Now the definition of `predicate4` results in the error: “No matching function for call to ‘bind’”. Secondary messages read: “Candidate template ignored: couldn’t infer template argument ‘_Fp’” and “Candidate template ignored: couldn’t infer template argument ‘_Rp’”. It turns out that adding a `const` overload of our function has created an ambiguity in the call to `std::bind` and the compiler is giving us cryptic error messages. In order to disambiguate the bind expression, we need a `static_cast`:

``````1
2
3
4
5
6
7
8
9
10
11
12
13
14
15
auto predicate4 = std::bind(
std::equal_to<A*>(),
std::bind(
static_cast<A*(B::*)()>(&B::getA),
std::placeholders::_1
),
a
);

std::copy_if(
objects.begin(),
objects.end(),
std::back_inserter(result),
predicate4 // This is the predicate
);
``````

An important note about using `std::bind` is that function composition cannot be accomplished with any Callable (i. e.: `std::function`).
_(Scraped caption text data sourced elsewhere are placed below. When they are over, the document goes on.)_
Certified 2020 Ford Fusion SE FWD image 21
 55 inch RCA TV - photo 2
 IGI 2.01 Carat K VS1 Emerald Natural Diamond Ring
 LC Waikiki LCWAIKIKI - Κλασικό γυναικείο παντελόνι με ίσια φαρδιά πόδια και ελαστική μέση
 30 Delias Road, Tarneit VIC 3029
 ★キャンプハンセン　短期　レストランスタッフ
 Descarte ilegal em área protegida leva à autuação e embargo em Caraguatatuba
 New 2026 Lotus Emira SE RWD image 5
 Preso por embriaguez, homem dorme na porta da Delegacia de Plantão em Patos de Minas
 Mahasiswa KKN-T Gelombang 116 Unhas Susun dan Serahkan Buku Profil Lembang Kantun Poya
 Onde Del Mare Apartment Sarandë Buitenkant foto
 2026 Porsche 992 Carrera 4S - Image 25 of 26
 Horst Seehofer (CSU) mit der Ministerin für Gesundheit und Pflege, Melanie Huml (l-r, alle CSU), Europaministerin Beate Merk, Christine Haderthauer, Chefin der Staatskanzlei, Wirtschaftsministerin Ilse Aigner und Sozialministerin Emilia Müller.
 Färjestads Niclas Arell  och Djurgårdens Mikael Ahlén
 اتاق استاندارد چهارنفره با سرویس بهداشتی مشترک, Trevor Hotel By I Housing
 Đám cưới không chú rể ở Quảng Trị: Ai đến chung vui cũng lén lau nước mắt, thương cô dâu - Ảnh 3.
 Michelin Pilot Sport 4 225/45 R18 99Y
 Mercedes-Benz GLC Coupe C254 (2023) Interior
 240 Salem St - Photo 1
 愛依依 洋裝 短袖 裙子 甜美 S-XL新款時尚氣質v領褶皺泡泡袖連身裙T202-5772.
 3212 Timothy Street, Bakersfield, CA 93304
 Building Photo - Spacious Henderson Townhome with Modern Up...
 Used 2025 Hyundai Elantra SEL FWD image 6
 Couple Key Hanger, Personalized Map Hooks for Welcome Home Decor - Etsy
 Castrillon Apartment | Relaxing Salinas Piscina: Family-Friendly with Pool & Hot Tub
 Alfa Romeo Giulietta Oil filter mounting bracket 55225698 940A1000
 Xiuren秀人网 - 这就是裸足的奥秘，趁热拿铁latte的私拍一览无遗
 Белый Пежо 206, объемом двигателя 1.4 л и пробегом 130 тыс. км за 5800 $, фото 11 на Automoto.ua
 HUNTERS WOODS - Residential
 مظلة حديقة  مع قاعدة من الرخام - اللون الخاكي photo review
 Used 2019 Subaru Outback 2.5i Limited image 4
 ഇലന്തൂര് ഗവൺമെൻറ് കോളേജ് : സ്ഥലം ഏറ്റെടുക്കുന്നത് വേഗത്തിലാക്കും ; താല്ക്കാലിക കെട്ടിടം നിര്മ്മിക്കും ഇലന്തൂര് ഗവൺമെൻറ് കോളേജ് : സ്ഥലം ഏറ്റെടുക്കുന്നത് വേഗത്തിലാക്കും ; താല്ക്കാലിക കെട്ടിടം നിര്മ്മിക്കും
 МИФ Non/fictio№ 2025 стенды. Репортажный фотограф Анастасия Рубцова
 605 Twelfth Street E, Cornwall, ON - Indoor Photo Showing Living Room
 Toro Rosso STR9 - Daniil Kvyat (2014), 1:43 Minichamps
Function composition happens if `std::is_bind_expression<T>::value == true` for one of the arguments supplied to `std::bind`. This presumably means it would be possible to specialize a few templates so that a custom function wrapper can be used in function composition, but this possibility won’t be explored in this article.

## Conclusion

Four different predicate creation techniques for standard algorithms were presented in this article:

• Function
• Hand-written Functor
• Lambda
• std::bind generated Functor

For any new C++11 code, functions should be avoided as they lack flexibility because they do not hold any state. As for functors, unless there are other requirements beside the bool operator(T) const method, then lambdas are always preferable as they reduce the boilerplate and make the process less error-prone. Finally, this article doesn’t have any advice on whether to prefer lambdas over std::bind or the opposite, both seem equally capable.